Вообще, большинство документов, связанных с Большим террором, до сих пор не обнародованы: ни инструкция о порядке расстрела, ни о местах погребения, ни типовое следственное дело, которое рассылалось в 1937 году вместе с приказом 00447. Образец следственного дела существовал – отсюда они такие шаблонные протоколы – по нему и шло упрощенное следствие.
Насильственная смерть не была чем-то сакральным для людей, которые пришли к власти в 1917 году. А в центре этого первого в мире так называемого государства рабочих и крестьян решили соорудить великую могилу.
– Ксения Константиновна, вы думали об этих вещах, когда готовили свою лекцию, когда говорили с людьми в музее?

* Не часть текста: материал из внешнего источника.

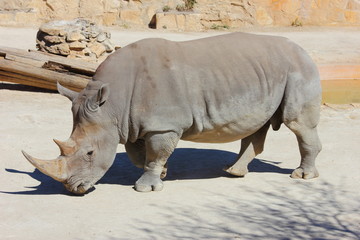 Naklejka premium White Rhino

– Конечно, и я думаю, что совершившееся зло неизбывно, трагедия не изжита, внутренняя работа не проведена. Когда шел разговор об Олейникове, вспомнили нолик на его могиле. Но я думаю, что это не знак вечности, а тот самый человек, который в огромном мире оказывается ноликом. Многие его стихи – о маленьких существах, которых мы давим, не замечая – это тараканы, бабочки, жучки. В его знаменитой поэме о таракане
Таракан сидит в стакане.
Ножку рыжую сосет.
Он попался. Он в капкане,
И теперь он казни ждет.
Он печальными глазами
На диван бросает взгляд,
Где с ножами, с топорами
Вивисекторы сидят.
А кто эти вивисекторы – да те самые люди, которые с кремлевской трибуны вещали о светлом будущем, и те, кто осуществляют их волю. “У стола лекпом хлопочет, // Инструменты протирая”, – видимо, этот лекпом и есть товарищ Сталин, – “И под нос себе бормочет // Песню "Тройка удалая". Наверное, эта тройка тут тоже не случайна: мне кажется, Николай Олейников имел в виду ту саму тройку, которая осудила и его, и многих других на страшную смерть. Эти стихи дают возможность, даже не читая архивных документов, понять, что там происходило.